Assigned task: The answer is one number. Say how many lines in the entries below include the word "Apartment".
[Source material Boundary: Start]
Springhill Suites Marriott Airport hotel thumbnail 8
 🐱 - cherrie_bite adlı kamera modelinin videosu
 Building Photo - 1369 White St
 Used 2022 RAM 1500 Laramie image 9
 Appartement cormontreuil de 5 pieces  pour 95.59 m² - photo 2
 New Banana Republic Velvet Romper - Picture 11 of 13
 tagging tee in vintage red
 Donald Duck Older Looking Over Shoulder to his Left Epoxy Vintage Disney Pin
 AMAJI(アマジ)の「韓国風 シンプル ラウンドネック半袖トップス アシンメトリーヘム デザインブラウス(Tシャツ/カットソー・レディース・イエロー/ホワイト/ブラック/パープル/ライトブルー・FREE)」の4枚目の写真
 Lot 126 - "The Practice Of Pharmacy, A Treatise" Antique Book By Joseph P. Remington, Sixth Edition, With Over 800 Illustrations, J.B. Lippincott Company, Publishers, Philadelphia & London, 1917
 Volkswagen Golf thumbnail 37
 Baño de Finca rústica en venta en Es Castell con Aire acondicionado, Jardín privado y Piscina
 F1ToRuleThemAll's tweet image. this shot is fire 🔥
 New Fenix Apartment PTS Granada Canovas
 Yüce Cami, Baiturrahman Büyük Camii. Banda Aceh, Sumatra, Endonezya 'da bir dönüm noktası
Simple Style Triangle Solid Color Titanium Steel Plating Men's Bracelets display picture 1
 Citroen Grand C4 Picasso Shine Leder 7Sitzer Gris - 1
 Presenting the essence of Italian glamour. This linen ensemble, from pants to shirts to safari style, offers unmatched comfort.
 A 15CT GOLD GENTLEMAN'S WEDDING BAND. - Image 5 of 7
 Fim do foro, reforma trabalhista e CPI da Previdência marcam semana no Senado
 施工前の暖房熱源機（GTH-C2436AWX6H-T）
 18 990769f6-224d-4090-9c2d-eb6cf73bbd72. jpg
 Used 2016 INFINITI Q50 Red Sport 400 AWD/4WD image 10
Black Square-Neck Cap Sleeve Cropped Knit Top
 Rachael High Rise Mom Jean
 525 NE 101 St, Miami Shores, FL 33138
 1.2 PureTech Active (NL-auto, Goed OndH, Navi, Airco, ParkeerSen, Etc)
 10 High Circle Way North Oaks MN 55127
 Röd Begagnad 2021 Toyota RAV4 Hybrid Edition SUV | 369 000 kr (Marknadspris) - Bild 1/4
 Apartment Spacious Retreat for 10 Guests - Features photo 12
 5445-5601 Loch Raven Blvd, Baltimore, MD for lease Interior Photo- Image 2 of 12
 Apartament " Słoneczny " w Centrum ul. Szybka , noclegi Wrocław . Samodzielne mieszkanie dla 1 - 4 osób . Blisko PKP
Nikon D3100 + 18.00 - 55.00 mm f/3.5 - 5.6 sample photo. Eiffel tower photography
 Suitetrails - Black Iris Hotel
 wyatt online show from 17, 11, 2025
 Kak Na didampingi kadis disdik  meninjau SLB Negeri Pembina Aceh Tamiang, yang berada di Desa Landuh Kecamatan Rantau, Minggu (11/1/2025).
[Source material Boundary: End]
The completed task: 2